#### WHAT YOU WILL DO
Working from the start of the listing, please write out exactly the lines through the one that holds "A student in", both included, and omit all pictures.

#### GIVEN DATA

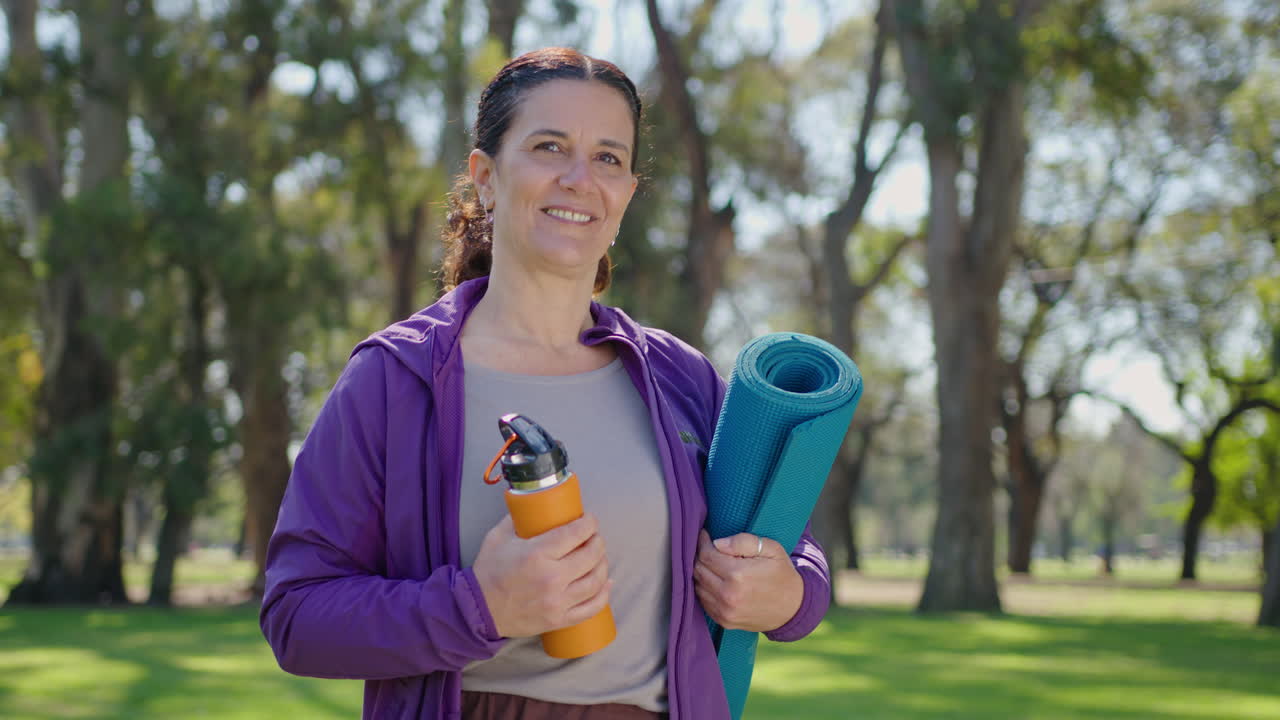 Woman with Yoga Mat and Water Bottle in a Park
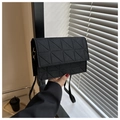 Detalle de un bolso bandolera de fieltro acolchado negro con costuras triangulares - Negro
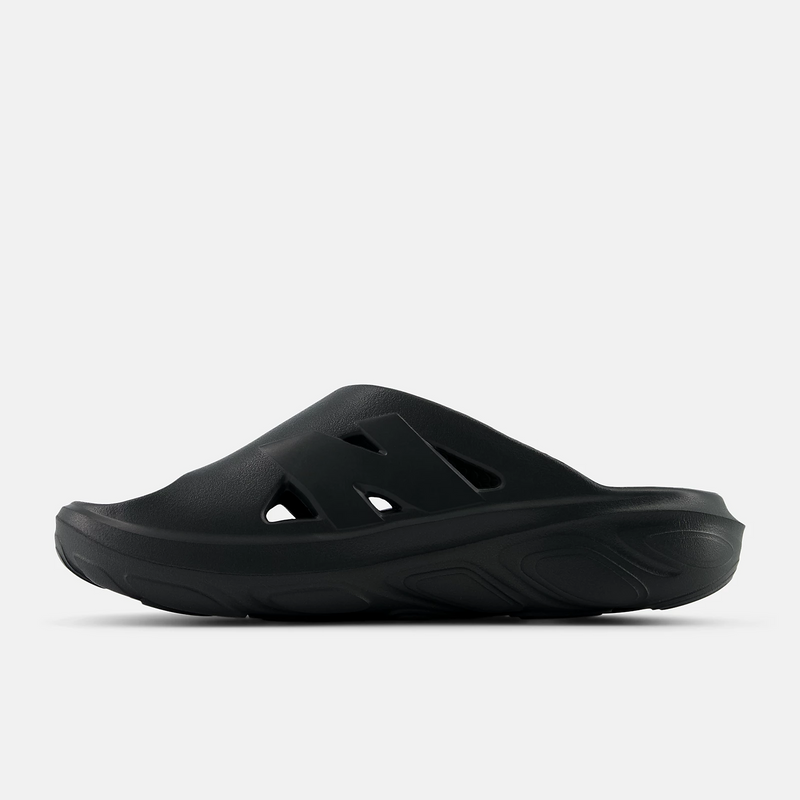 New Balance Fresh Foam RCVRY Slide sandals in black with foam cushioning and perforated upper design, side view.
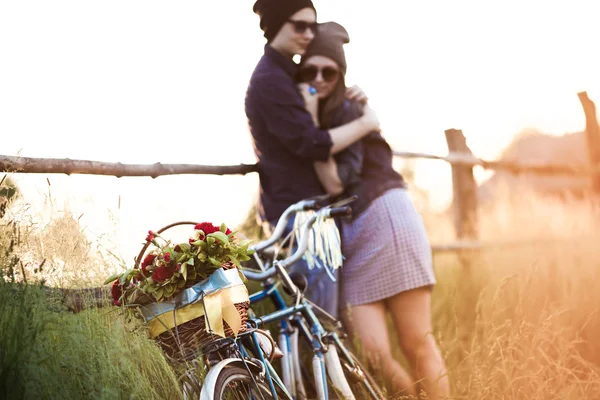 Two beautiful hipsters standing outdoor in summer with white vintage fixed gear bicycle — Stock Photo, Image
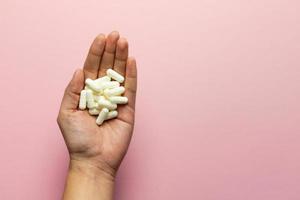 Zinc tablets in the hand on a pink background. photo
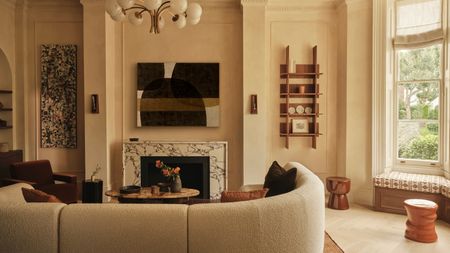 Living room with warm white limewash walls, cream curved corner sofa, rust armchair, rust rug, stacked wood coffee table and globe chandelier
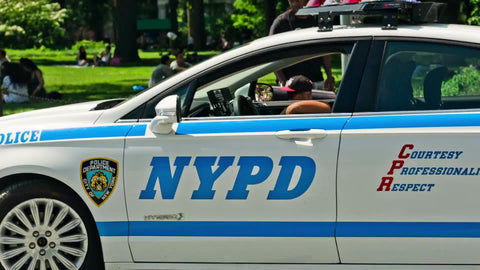NYPD police car driving through Washington Square Park in summer on bright sunny day - NYC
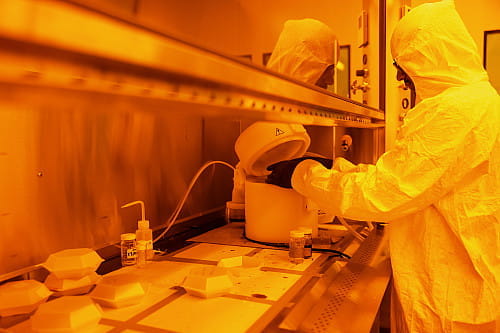A student in protective lab gear works under a hood in the lab, awash in orange light.
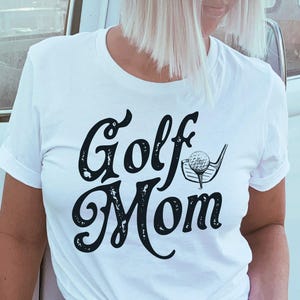 Pu&ograve; includere: Maglietta bianca con una grafica nera invecchiata che dice "Golf Mom" con una mazza da golf e una palla.
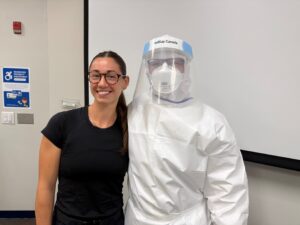 A female student standing next to a person in full Personal Protective Equipment gear.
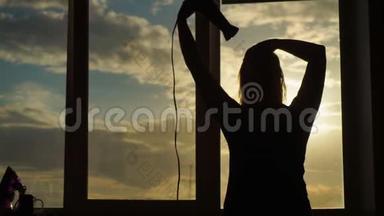 一位中年妇女在日落时分烘干吹风机。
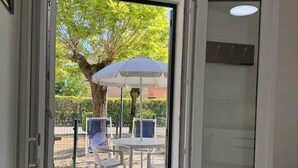 Une porte ouverte donnant sur un espace extérieur aménagé avec une table, des chaises et un parasol.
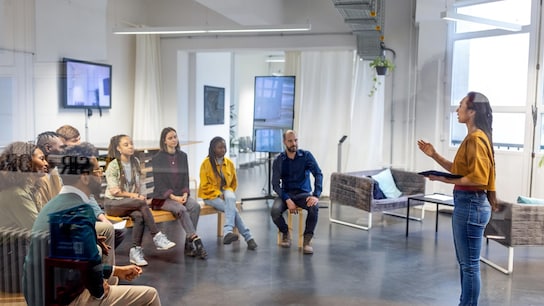 Young asian businesswoman speaking to her coworkers in meeting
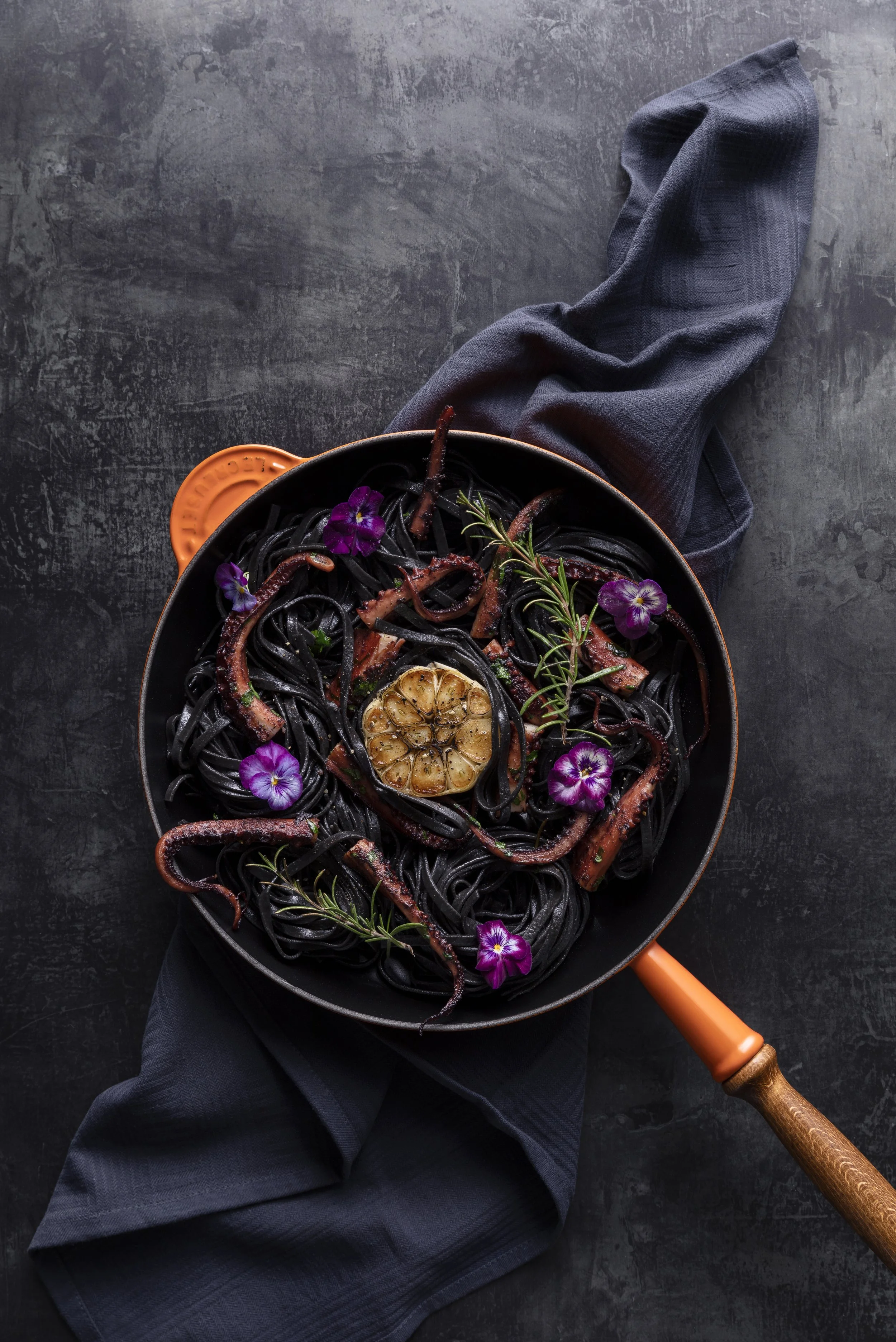 Schwarze Spaghetti mit gebratenen Tintenfischen, Zitronenscheiben, Rosmarin und Veilchenblumen in einer schwarzen Pfanne auf einem dunklen Hintergrund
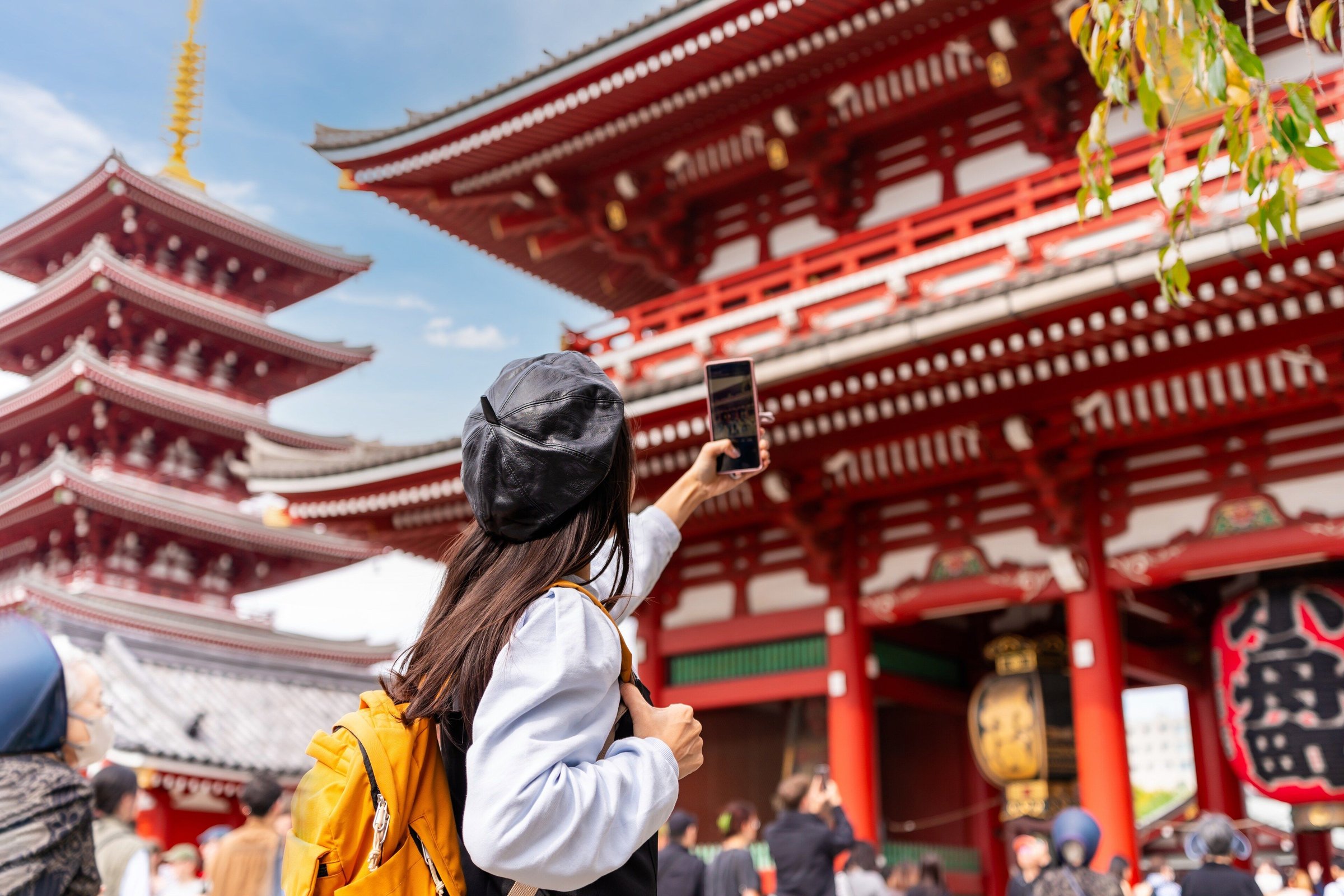 Perempuan memotret gerbang merah dan pagoda Sensoji di Asakusa saat siang cerah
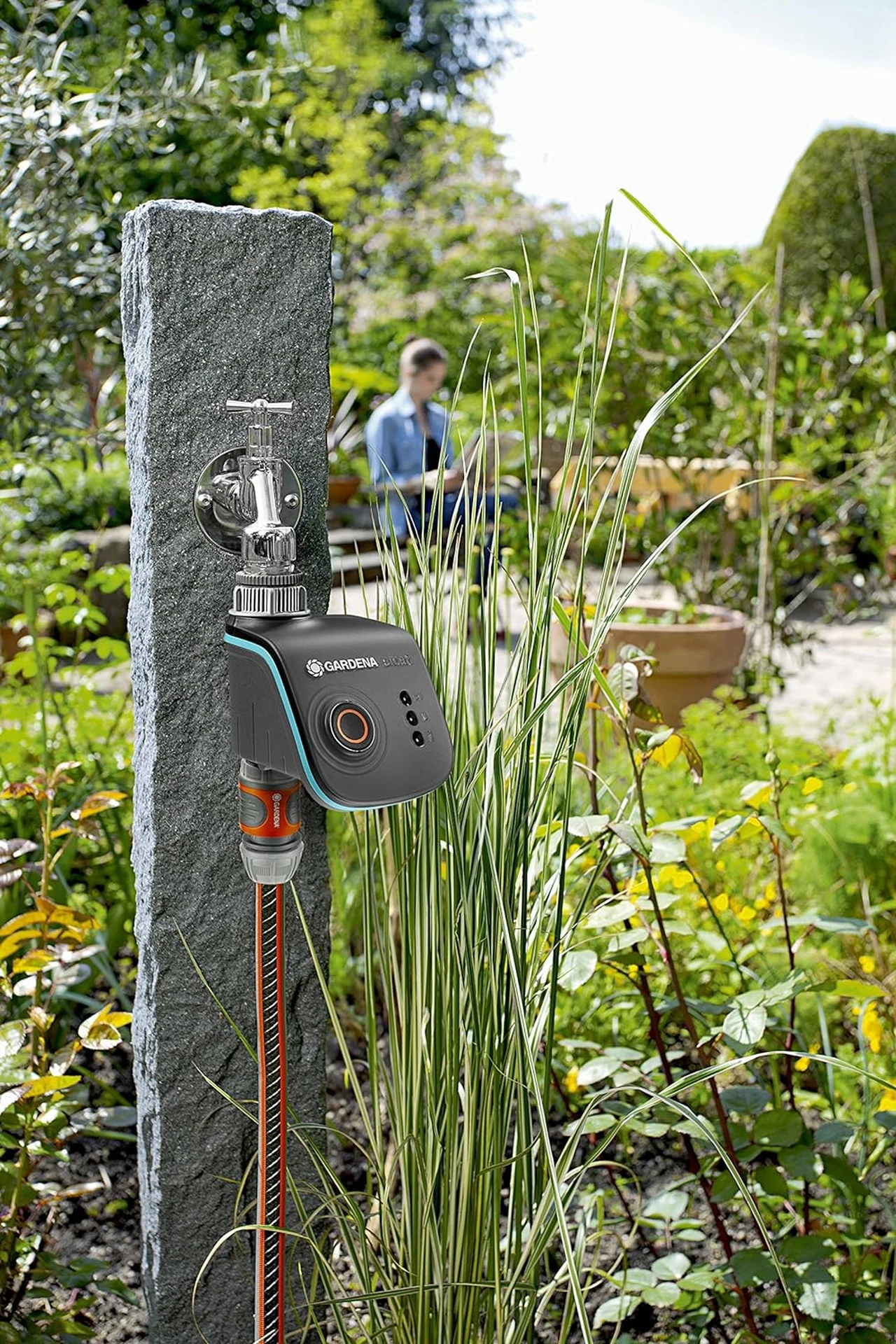Gardena Bewässerungscomputer an einem Wasserhahn im Garten installiert, um die automatische Bewässerung zu demonstrieren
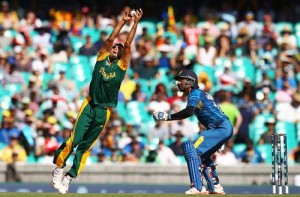 Imran Tahir takes a catch off his own bowling to dismiss Lahiru Thirimanne , South Africa v Sri Lanka, World Cup 2015, 1st quarter-final, Sydney, March 18, 2015 ©ICC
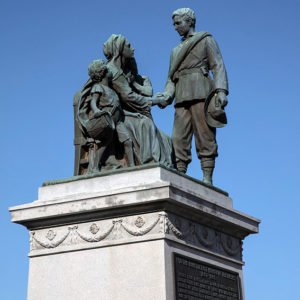 Statue of woman and child seated holding man's hand on pedestal with plaque on it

#### RESPONSE AREA
 Woman with Yoga Mat and Water Bottle in a Park
 Detalle de un bolso bandolera de fieltro acolchado negro con costuras triangulares - Negro
 New Balance Fresh Foam RCVRY Slide sandals in black with foam cushioning and perforated upper design, side view.
 Two beautiful hipsters standing outdoor in summer with white vintage fixed gear bicycle — Stock Photo, Image
 Zinc tablets in the hand on a pink background. photo
 Living room with warm white limewash walls, cream curved corner sofa, rust armchair, rust rug, stacked wood coffee table and globe chandelier
NYPD police car driving through Washington Square Park in summer on bright sunny day - NYC
A student in protective lab gear works under a hood in the lab, awash in orange light.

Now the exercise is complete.